15. Over the last 3 calendar years of data, what was the average value of the Canadian dollar relative to the USD?

In [98]:
dbGetQuery(con, "
  SELECT 
    MIN(DATE) AS AS_OF_DATE, 
    ROUND(AVG(FXUSDCAD), 4) AS FX_DAILY_AVG_CAD
  FROM DAILY_FX
  WHERE DATE >= DATE((SELECT MAX(DATE) FROM DAILY_FX), '-3 years')
");

AS_OF_DATE,FX_DAILY_AVG_CAD
<chr>,<dbl>
2018-02-20,1.3227


16. Create a view of the crop data with an FX column included

In [105]:
dbGetQuery (con, "SELECT CD_ID, YEAR, CROP_TYPE, GEO, SEEDED_AREA, HARVESTED_AREA, PRODUCTION, AVG_YIELD, FXUSDCAD
FROM CROP_DATA, DAILY_FX
WHERE strftime('%Y', CROP_DATA. YEAR) = strftime('%Y', DAILY_FX.DATE) and strftime('%m',
CROP_DATA. YEAR) = strftime('%m', DAILY_FX.DATE) LIMIT 5")

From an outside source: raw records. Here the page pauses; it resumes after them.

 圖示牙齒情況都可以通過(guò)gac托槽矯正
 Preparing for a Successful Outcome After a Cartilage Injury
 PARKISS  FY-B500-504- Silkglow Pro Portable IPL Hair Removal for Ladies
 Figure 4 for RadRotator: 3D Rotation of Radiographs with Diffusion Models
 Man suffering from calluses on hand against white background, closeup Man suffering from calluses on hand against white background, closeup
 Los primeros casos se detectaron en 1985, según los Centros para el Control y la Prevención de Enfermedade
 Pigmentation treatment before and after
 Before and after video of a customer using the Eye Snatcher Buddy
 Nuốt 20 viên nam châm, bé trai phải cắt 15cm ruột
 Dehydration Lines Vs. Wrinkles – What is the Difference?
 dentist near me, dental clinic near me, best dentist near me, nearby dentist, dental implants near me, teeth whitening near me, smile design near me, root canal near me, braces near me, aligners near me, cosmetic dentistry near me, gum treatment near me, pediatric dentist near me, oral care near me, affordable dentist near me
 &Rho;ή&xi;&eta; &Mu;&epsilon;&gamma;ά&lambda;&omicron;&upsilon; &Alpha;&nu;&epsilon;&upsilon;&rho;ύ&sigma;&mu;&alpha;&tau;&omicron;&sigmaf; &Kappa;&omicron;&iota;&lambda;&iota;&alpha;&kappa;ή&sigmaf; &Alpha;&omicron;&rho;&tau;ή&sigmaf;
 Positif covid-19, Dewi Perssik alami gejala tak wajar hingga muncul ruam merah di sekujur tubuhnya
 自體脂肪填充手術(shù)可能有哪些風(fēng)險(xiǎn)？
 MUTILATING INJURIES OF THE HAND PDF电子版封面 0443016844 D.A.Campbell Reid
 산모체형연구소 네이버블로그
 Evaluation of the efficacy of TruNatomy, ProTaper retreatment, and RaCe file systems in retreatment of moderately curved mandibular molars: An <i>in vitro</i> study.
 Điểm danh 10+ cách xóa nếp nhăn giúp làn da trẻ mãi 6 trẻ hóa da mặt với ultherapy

CD_ID,YEAR,CROP_TYPE,GEO,SEEDED_AREA,HARVESTED_AREA,PRODUCTION,AVG_YIELD,FXUSDCAD
<int>,<chr>,<chr>,<chr>,<int>,<int>,<int>,<int>,<dbl>
624,2017-12-31,Barley,Alberta,1153400,1011700,3906000,3900,1.2729
624,2017-12-31,Barley,Alberta,1153400,1011700,3906000,3900,1.2695
624,2017-12-31,Barley,Alberta,1153400,1011700,3906000,3900,1.268
624,2017-12-31,Barley,Alberta,1153400,1011700,3906000,3900,1.2757
624,2017-12-31,Barley,Alberta,1153400,1011700,3906000,3900,1.2843


## IV. Key Findings

- Provinces Analyzed: Alberta, Saskatchewan, and Canada overall.
- High-Value Crops: Canola reached farm prices > $350.
- Top Yields: Wheat and Canola generally led in yield performance post-2000.
- Exchange Rate: Recent 3-year average USD to CAD ≈ 1.32 (varies by exact data).
- Unharvested Land: Alberta shows consistent percentage of seeded but not harvested Barley.
- Price Insights: CAD-to-USD conversion is vital for profitability estimates in USD terms.

## V. Recommendations

- Invest in High-Yield, High-Value Crops: Prioritize Canola and Wheat, especially in Saskatchewan and Alberta.
- Monitor Currency Fluctuations: Use monthly FX data to time large-scale purchases or contracts.
- Explore Yield Efficiency: Focus on crops consistently above 2000 kg/hectare post-2000.
- Data-Driven Contracts: Use the percentage of unharvested land to negotiate pricing margins.
- Scale Further with Time Series Forecasting: Predict yields & prices with models using R packages like forecast or prophet.